YOUR INSTRUCTIONS:
Could you please repeat the data below word for word?

EXERCISE DATA:
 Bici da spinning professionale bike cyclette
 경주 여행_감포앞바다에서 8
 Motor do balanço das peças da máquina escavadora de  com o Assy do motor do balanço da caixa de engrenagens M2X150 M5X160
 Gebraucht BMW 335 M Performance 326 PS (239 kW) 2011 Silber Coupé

RESULT OF THIS EXERCISE:
 Bici da spinning professionale bike cyclette
 경주 여행_감포앞바다에서 8
 Motor do balanço das peças da máquina escavadora de  com o Assy do motor do balanço da caixa de engrenagens M2X150 M5X160
 Gebraucht BMW 335 M Performance 326 PS (239 kW) 2011 Silber Coupé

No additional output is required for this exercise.